## What is expected
Each line of the data below between the one containing "Scarpe eleganti alla" and the one containing "EUC Coach Black", both included, is to be repeated exactly. Please omit pictures.

** Opening Exercise data block **

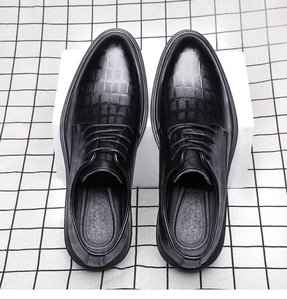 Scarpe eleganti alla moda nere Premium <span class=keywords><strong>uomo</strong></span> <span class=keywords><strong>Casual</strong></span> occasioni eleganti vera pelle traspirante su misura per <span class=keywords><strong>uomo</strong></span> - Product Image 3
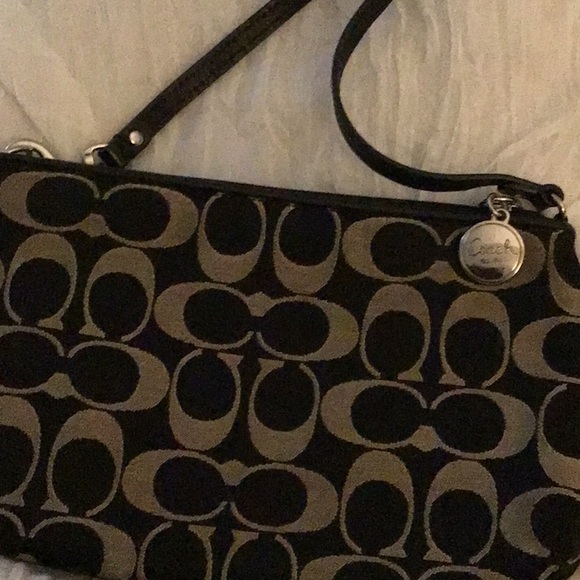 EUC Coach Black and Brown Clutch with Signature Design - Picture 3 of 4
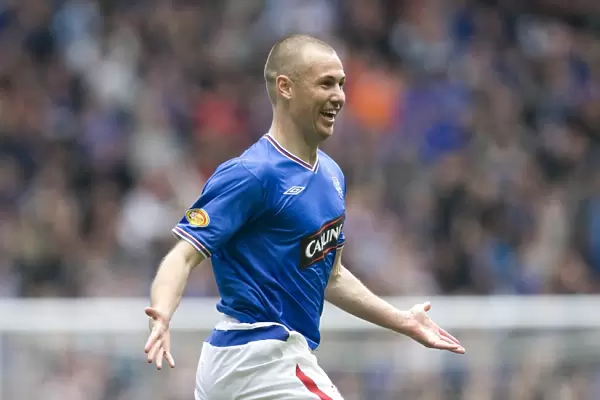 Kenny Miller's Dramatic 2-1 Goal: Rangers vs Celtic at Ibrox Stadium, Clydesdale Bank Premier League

** Closing Exercise data block **
** Opening Exercise data block **

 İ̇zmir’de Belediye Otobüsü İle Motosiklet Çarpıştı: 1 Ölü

** Closing Exercise data block **

## Output for this task
 Scarpe eleganti alla moda nere Premium <span class=keywords><strong>uomo</strong></span> <span class=keywords><strong>Casual</strong></span> occasioni eleganti vera pelle traspirante su misura per <span class=keywords><strong>uomo</strong></span> - Product Image 3
 EUC Coach Black and Brown Clutch with Signature Design - Picture 3 of 4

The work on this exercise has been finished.